The really hard part is almost killing the yeast. I find the best way to tame a zestfully young yeast for Yeast cake is to chill it and use it as cold as possible, shorten the rise times, use a cold rise, and place it in the hot oven before it gets a chance to have a final rise. This is tricky to get right because you could so easily kill the yeast, or not let it rise enough to prevent that gummy layer from an under-risen dough.
Mind you, the failed Yeast Cakes are still yummy, they just aren't right. Go ahead and eat your failures and keep trying until you get the combination of nearly dead yeast and the proper degree of rise and oven bloom to give you the right density for this cake.

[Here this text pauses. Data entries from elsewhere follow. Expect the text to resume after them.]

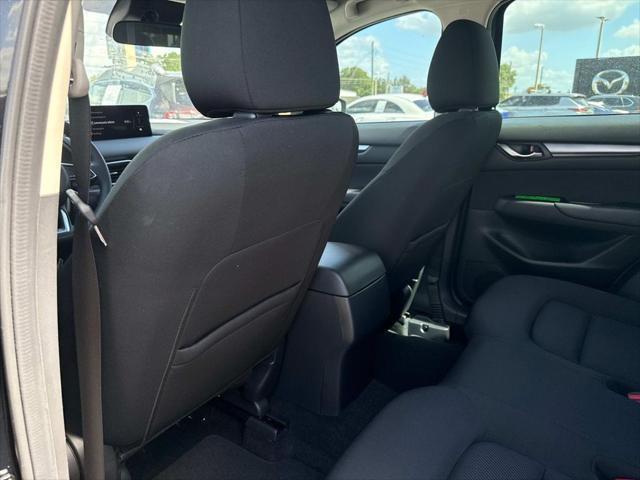 new 2025 Mazda CX-5 car, priced at $28,776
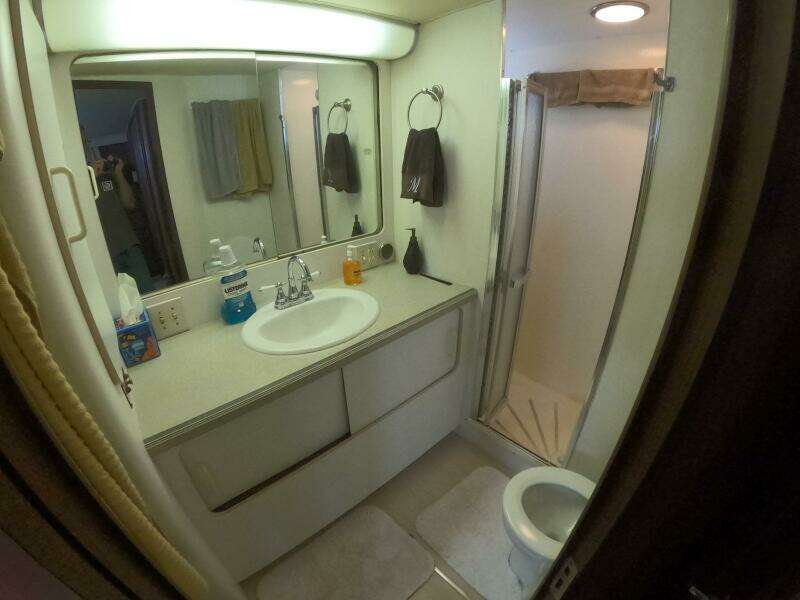 SAINT PAUL 54ft Hatteras Yacht For Sale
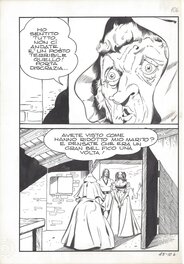 Mario Janni - Maghella #45 P106 - Comic Strip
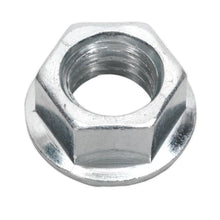 Load image into Gallery viewer, Sealey Flange Nut Serrated DIN 6923 - M10 Zinc - Pack of 100
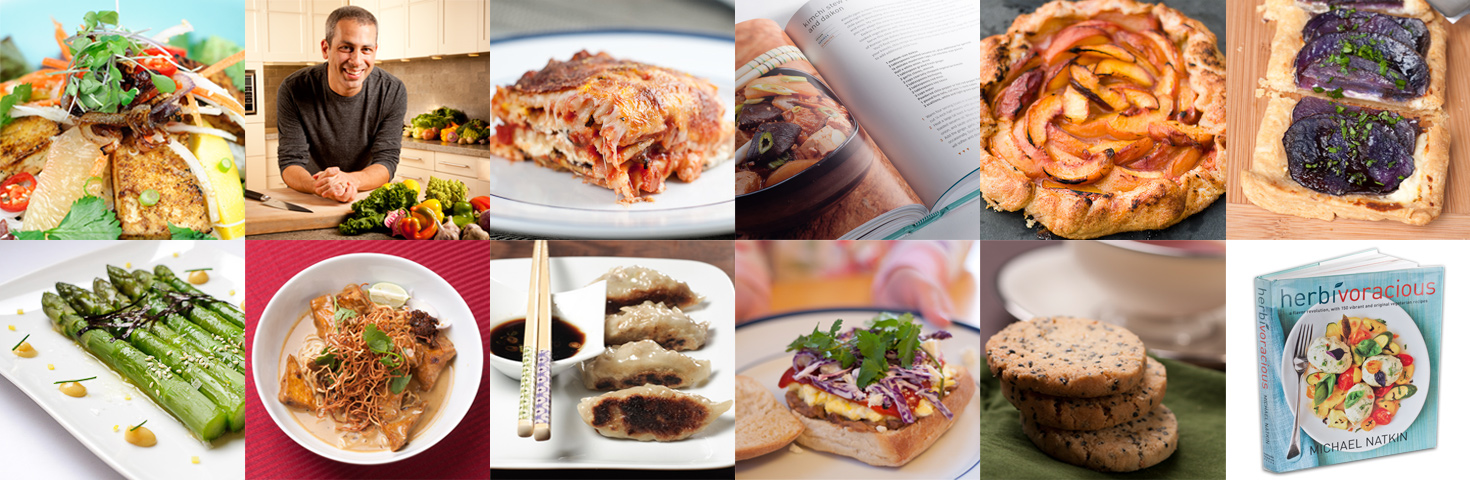 Recipes from Herbivoracious — a visual sampling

This is a proper Yeast Cake:
Now, if I haven't thoroughly intimidated you, here is the recipe:
Yeast Cake
1/4 cup warm water
1 teaspoon dry yeast, elderly
1 teaspoon sugar
1 cup warm milk
1 egg
1/2 cup cooking oil
1/2 cup sugar
4 1/2 cups flour
1/2 cup cold milk
Grease and flour a jelly roll pan. Dissolve the yeast in the warm water with a teaspoon of sugar. Beat in the warm milk, egg, cooking oil, and the rest of the sugar. Stir in 2 cups of flour and let it rest 10 minutes. Add in the rest of the flour to make a soft dough. Knead for 5 minutes. Let it rest 10 minutes in a warm place. Pat into the jelly roll pan, use a rolling pin to get into the corners. Use your knuckles to press dimples into the dough. Lots of dimples. Brush with the cold milk.
Bread Machine instructions:
Add the ingredients according to the directions for your machine. Mine has me put the wet ingredients in first, then the dry, so that's what I do. Choose the "dough only" setting. When the dough is done, pat it into the jelly roll pan. Use your knuckles to press lots of dimples into the dough. Brush the surface of the dough with the cold milk.
Top with one of the following toppings:
Butternut:
1 cup cinnamon sugar
3/4 cup chopped pecans
1/2 cup chopped cold butter
Preheat the oven to 400*F. Sprinkle the cinnamon sugar over the milky dough. Dot with the chopped butter. Sprinkle on the pecans. If your yeast is very old and sluggish, let the dough rest 10 - 20 minutes. If it's frisky yeast, pop it into the preheated oven and bake for 25 minutes.
Streusel:
2 cups flour
2/3 cup cold chopped butter
3/4 cup cinnamon sugar
dash of salt
Preheat the oven to 400*F. Cut all the ingredients together until crumbly and the size of small peas. Sprinkle liberally over the surface of the milky dough. For sluggish yeast, let the dough rest 10 - 20 minutes. For frisky yeast, pop it straight into thte hot oven. Bake for 25 minutes.
Fruit Topping:
3 - 4 pounds of your choice of fruits
1/2 cup soft bread crumbs
1/2 cup chopped almonds (or other nuts)
1/2 cup cinnamon sugar
Preheat the oven to 400*F. Fruit choices should be peeled, pitted, seeded, and sliced thin. Cherries, apples, plums, apricots, peaches, plouts, gooseberries, pears. Blueberries can be used whole. Strawberries should be sliced. Toss the fruits with the bread crumbs and lay over the mily dough, covering as much as possible. Mix the cinnamon sugar and the nuts together. Sprinkle all over the fruit. Sluggish yeast dough needs to rest 10-20 minutes, and frisky yeast can be popped right into the hot oven. Bake for 30-35 minutes.
You can also double up by sprinkling the streusel topping over the fruit topping.
Try to let it cool before slicing and eating.
I do not know how long this will keep because I've never had it get cold. People are walking in the door, some of them bringing their own coffee and snagging a slice and it's all gone before it has a chance to get cold.